_DATA SEGMENT_:
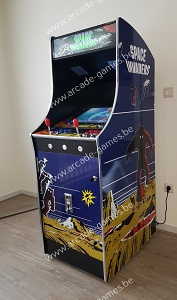 A-G 20.5 LCD arcade met 3500 GAMES 'SPACE INVADER' 13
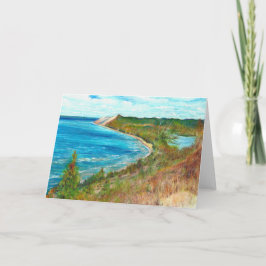 Schlafende Bären Dunes Lakeshore Michigan Beach Einladung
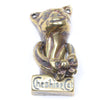 Old Cheshire Cat Door Knocker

_YOUR INSTRUCTIONS_:
Precisely the lines from the one containing "Schlafende Bären Dunes" to the end of the data above, both included, should be printed; leave the pictures out.

_ANSWER BOX_:
 Schlafende Bären Dunes Lakeshore Michigan Beach Einladung
 Old Cheshire Cat Door Knocker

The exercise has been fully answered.